Background & Purpose: Fuel supply logistics form a critical element of defense readiness, serving as a backbone for sustaining military force mobility and operational continuity. In modern defense environments, where rapid technological advancements and diverse threats—ranging from armed conflicts to geopolitical instability—pose substantial risks, the resilience of the fuel supply chain is essential. This study aims to develop a robust framework for evaluating and enhancing the resilience of the defense fuel supply chain, with a particular focus on aerial liquid fuel tanks. These tanks, as high-capacity storage units within fuel logistics systems, play a vital role in ensuring uninterrupted fuel availability and distribution. As such, examining their vulnerability and resilience is central to bolstering defense capabilities and supporting national security objectives.
Methodology: This research applies a mixed-methods approach, utilizing both quantitative and qualitative methodologies to yield comprehensive insights. The qualitative portion involves extensive library studies on defense logistics resilience, while the quantitative segment employs the fuzzy Delphi method to address uncertainties and complex subject matter effectively. This Delphi approach, recognized for its iterative refinement of expert input, allows for a systematic consensus on key vulnerabilities and resilience measures specific to fuel tank storage within defense logistics. This method ensures the accuracy and practical relevance of resilience strategies through validation by field experts.
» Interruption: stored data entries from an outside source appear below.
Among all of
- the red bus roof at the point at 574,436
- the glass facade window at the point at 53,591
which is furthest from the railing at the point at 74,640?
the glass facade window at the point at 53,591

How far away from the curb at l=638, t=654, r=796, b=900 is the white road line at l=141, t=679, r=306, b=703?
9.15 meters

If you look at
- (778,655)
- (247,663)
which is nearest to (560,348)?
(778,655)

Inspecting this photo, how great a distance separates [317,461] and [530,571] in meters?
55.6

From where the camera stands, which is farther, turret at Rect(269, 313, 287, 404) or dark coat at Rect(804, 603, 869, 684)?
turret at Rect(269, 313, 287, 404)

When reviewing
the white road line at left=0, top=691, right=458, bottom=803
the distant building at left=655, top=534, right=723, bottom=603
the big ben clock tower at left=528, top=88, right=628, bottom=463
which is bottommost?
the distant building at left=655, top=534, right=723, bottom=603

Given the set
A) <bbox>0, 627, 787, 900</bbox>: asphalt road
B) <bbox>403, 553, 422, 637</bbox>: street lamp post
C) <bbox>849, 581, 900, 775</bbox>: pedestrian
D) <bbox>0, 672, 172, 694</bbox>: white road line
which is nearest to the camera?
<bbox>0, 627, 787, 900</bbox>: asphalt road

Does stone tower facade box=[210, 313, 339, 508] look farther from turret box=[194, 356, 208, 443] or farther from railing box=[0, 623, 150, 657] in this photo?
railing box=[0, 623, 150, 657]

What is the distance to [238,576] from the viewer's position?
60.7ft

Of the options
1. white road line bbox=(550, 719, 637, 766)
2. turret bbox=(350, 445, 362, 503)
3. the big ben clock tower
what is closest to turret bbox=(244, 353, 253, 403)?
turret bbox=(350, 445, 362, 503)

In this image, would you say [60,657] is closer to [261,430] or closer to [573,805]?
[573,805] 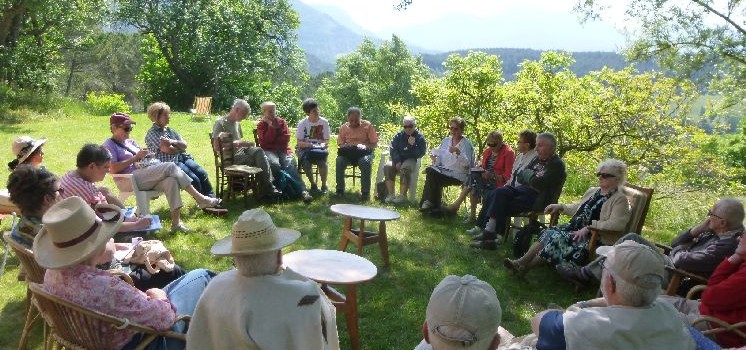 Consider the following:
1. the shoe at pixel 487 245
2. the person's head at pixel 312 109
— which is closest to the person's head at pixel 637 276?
the shoe at pixel 487 245

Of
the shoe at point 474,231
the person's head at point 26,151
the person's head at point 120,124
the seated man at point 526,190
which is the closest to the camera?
the person's head at point 26,151

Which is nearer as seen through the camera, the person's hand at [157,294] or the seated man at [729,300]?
the person's hand at [157,294]

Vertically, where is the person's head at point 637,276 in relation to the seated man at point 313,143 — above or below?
above

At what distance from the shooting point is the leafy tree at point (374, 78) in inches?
1986

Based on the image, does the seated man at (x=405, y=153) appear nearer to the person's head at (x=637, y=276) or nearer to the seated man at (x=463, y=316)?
the person's head at (x=637, y=276)

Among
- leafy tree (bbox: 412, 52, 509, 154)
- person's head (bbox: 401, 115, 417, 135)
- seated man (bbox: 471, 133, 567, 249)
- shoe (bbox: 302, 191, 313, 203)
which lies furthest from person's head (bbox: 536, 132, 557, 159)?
leafy tree (bbox: 412, 52, 509, 154)

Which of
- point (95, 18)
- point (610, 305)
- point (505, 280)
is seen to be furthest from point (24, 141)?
point (95, 18)

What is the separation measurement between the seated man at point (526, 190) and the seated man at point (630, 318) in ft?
10.9

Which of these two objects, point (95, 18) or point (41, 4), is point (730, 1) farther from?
point (95, 18)

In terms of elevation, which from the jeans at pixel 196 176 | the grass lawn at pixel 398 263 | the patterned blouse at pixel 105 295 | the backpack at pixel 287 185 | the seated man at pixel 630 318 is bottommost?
the grass lawn at pixel 398 263

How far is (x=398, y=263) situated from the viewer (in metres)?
5.12

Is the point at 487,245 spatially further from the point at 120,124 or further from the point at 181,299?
the point at 120,124

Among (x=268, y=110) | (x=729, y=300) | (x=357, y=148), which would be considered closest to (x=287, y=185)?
(x=268, y=110)

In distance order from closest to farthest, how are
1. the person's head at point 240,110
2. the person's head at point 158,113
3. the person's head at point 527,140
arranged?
the person's head at point 527,140 < the person's head at point 158,113 < the person's head at point 240,110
Findings: The study identifies four primary components for building resilience in the defense fuel logistics chain: identifying critical infrastructure, assessing vulnerabilities, scenario modeling, and developing targeted response measures. Each of these steps supports a structured approach to risk management. At three critical levels—strategic, operational, and tactical— aerial liquid fuel tanks are shown to be essential. Strategically, tanks provide stable, long-term storage capacity vital for extended defense operations. Operationally, tanks in developed theaters—often integrated with commercial sectors—serve as high-value points in the supply chain due to expanded access to resources and infrastructure, enhancing their resilience. For airbases, the critical nature of tanks is heightened due to the high-quality fuel required for sensitive military equipment.
Conclusion: Enhancing the resilience of aerial liquid fuel tanks within defense fuel logistics requires a multi-faceted approach. This study recommends several key strategies: targeted employee training to improve readiness and adaptive responses at critical storage sites; expanding storage capacity and dispersing distribution centers to protect against spatially concentrated attacks and natural threats; and investing in resilient infrastructure to reinforce tank structures. Diversifying fuel suppliers further supports supply continuity, reducing reliance on single-source locations. In addition, crisis response protocols are crucial, as they provide guidance for restoring normal operations swiftly in the event of direct attacks on fuel storage. By implementing these measures—ranging from workforce readiness to infrastructure investments and crisis protocols—the defense fuel logistics system is better equipped to withstand diverse threats, ensuring sustained military functionality and reinforcing national defense capabilities.